─── PROVIDED DATA

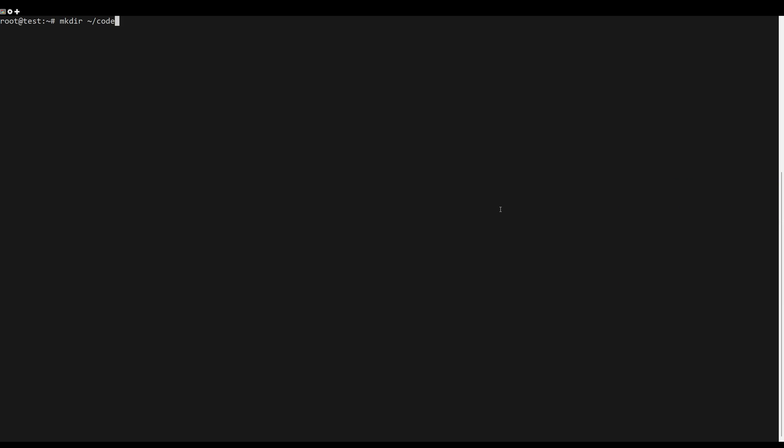First, create a folder where you will download code server. You can do this by the following commands.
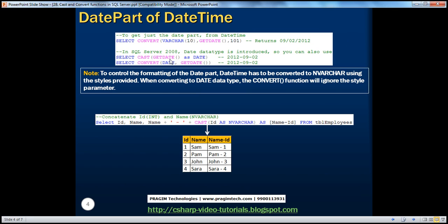In SQL Server 2008, they introduced the date data type. In SQL Server 2005, we only had datetime. But in SQL Server 2008, they have datetime, date, as well as time - three different data types. Since we have a dedicated date data type, instead of converting a datetime to nvarchar, you can convert it to just date, which gives you just the date part. You can do that either using CAST or CONVERT. But to control the formatting of the date part, you still have to convert the datetime to nvarchar using the styles. When converting to the date data type, the CONVERT function will ignore the style parameter.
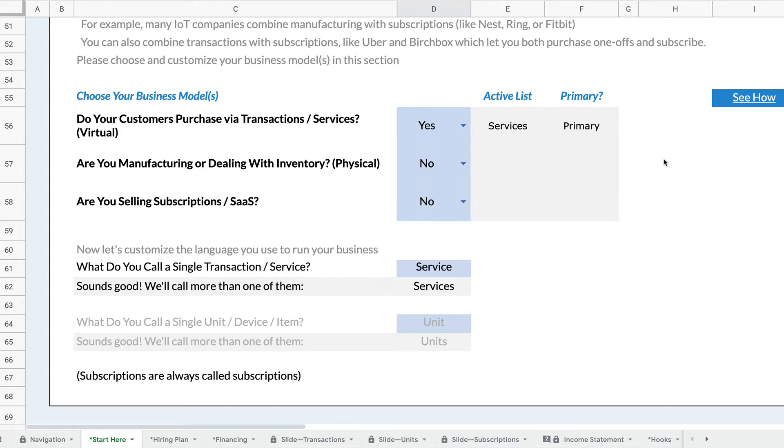This is Mike Lingle from Rocket Proforma, and today we're going to talk about how we customize the language inside the financial model.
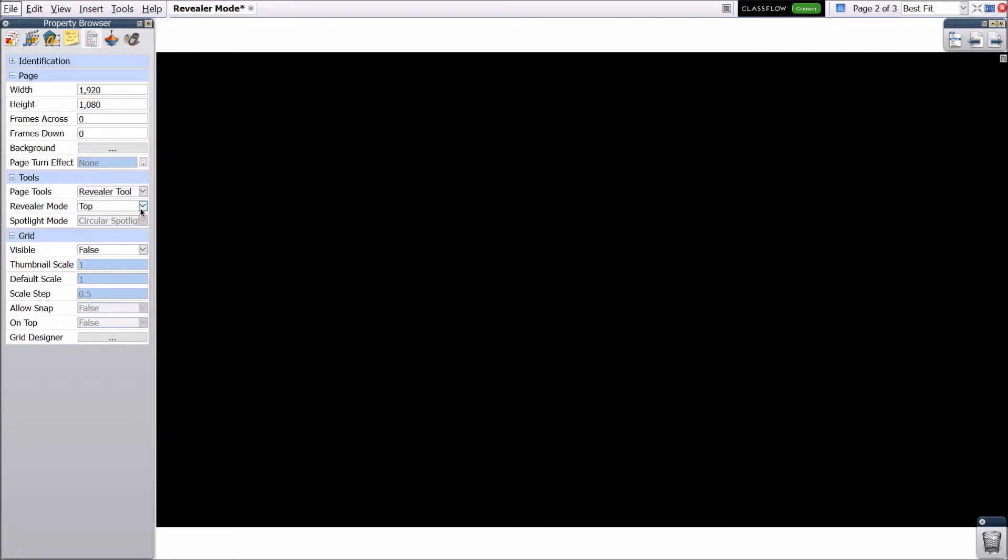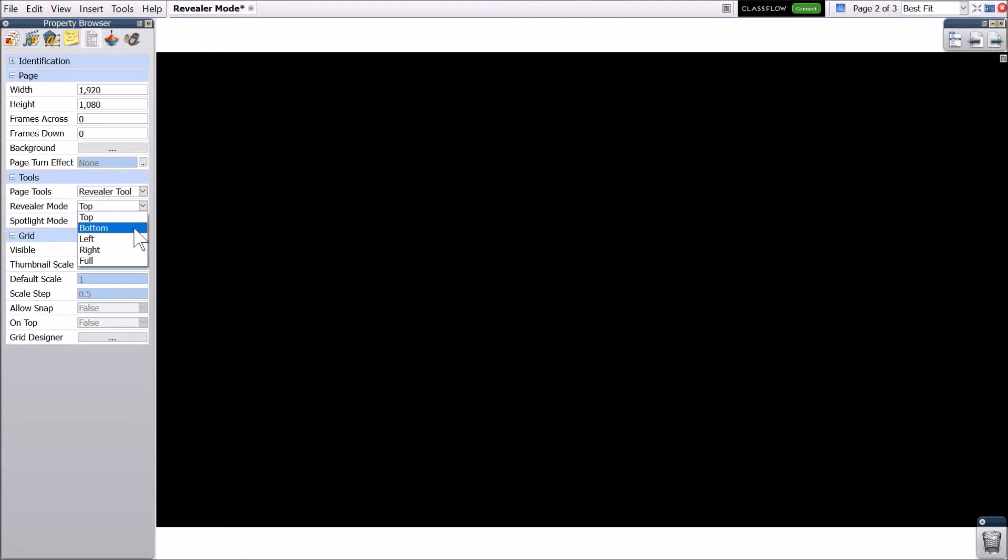From the Revealer mode drop-down menu, you can choose which direction you would like to reveal the page by moving the cursor. For this example, let's choose bottom.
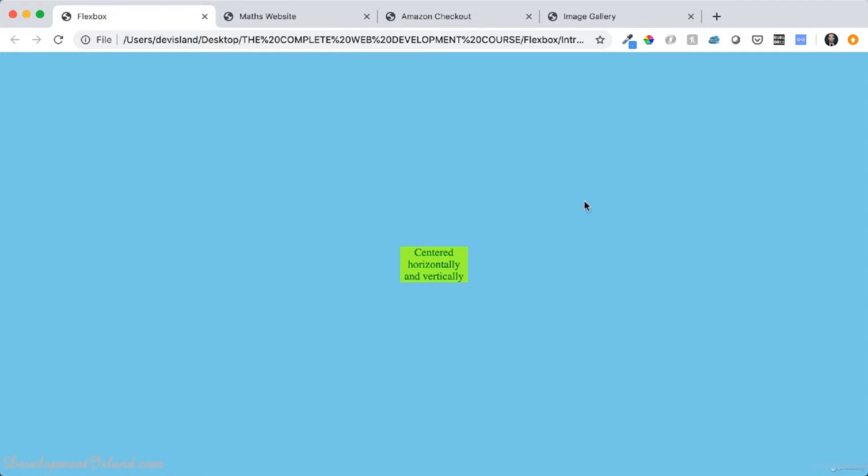So using Flexbox, you can create a container. And inside your container, you can have flexible items which you can size and align as you wish. And you can do all of this using easy to use properties.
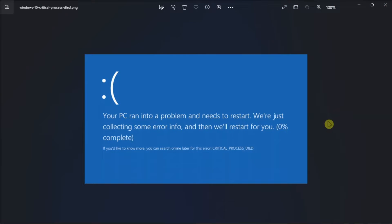If you ever encounter this blue screen error on your Windows 11 computer, here are some possible solutions to fix the problem.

──────

◆ **TASK ITEM**: The job is to return the listing above exactly, minus its pictures.

◆ **ANSWER BELOW**:
First, create a folder where you will download code server. You can do this by the following commands.
In SQL Server 2008, they introduced the date data type. In SQL Server 2005, we only had datetime. But in SQL Server 2008, they have datetime, date, as well as time - three different data types. Since we have a dedicated date data type, instead of converting a datetime to nvarchar, you can convert it to just date, which gives you just the date part. You can do that either using CAST or CONVERT. But to control the formatting of the date part, you still have to convert the datetime to nvarchar using the styles. When converting to the date data type, the CONVERT function will ignore the style parameter.
This is Mike Lingle from Rocket Proforma, and today we're going to talk about how we customize the language inside the financial model.
From the Revealer mode drop-down menu, you can choose which direction you would like to reveal the page by moving the cursor. For this example, let's choose bottom.
So using Flexbox, you can create a container. And inside your container, you can have flexible items which you can size and align as you wish. And you can do all of this using easy to use properties.
If you ever encounter this blue screen error on your Windows 11 computer, here are some possible solutions to fix the problem.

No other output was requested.